A NOVEL INDUCIBLE MODEL TO STUDY TAUOPATHY IN ALZHEIMER’S DISEASE APPLICABLE TO BOTH, MOUSE AND HUMAN NEURAL TISSUES
Universitat de Barcelona
Presentation
Date TBA
Event Information
Poster Board
PS02-07PM-381
Poster
View posterAbstract
In this study, we used an inducible model based on an adeno-associated viral (AAV) vector expressing human hTAUP301L to be employed in mice, human embryonic stem cells-derived neurons and organotypic human brain slices.
In vivo, 6-month-old wild-type mice received bilateral hippocampal injections of AAV-hTAUP301L. Behavioural phenotyping revealed significant impairments in declarative memory, locomotion and depressive-like behaviours. In parallel, to further validate this tool, human embryonic stem cells differentiated into neurons were also transduced, showing robust tau-induced neurotoxicity and neuronal death.
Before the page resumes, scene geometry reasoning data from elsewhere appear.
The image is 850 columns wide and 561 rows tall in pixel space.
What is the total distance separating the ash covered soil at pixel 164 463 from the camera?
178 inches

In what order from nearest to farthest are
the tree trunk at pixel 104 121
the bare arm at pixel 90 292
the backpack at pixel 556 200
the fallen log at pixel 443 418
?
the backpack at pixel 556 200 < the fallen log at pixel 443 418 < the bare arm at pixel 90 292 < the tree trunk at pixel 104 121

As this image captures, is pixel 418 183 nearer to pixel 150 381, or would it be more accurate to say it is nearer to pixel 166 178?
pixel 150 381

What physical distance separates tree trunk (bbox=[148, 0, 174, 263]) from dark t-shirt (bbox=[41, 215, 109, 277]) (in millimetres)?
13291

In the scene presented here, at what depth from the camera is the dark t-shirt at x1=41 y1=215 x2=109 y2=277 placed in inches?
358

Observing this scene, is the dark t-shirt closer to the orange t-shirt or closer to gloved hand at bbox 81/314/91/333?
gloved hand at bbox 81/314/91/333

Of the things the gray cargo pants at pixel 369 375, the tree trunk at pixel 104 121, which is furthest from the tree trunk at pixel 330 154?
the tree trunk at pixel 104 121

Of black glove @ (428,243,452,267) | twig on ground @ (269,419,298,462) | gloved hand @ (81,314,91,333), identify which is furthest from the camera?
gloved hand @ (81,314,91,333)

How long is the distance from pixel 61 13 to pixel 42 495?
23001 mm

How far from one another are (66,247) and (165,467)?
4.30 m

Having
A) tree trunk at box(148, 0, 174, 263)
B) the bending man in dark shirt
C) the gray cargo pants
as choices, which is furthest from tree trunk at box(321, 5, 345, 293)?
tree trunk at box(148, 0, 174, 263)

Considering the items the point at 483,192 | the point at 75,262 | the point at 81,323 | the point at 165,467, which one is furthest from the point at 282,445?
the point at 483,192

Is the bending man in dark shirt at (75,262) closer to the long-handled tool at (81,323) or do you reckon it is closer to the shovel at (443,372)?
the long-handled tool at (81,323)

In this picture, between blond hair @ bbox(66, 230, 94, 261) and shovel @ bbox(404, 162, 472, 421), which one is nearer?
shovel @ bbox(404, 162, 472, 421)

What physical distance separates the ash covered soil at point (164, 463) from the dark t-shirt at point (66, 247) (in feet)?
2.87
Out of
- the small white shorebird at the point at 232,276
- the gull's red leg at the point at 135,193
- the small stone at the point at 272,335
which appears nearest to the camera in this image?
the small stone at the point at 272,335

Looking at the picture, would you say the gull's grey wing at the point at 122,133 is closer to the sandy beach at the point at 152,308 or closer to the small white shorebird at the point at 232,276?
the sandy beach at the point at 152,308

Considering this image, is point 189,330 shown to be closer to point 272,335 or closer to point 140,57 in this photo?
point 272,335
Finally, adult human brain organotypic slices were transduced with AAV-hTAUP301L, resulting in robust p-tau (AT8) expression and evidence of spreading into the surrounding parenchyma by 16 days post-infection. This human-based systems offers a novel translational platform to identify and test pharmacological targets aimed at reducing TAU aggregates.
In summary, our results suggest that AAV-hTAUP301L is an innovative and versatile tool for developing inducible translational models of tauopathies across different biological systems.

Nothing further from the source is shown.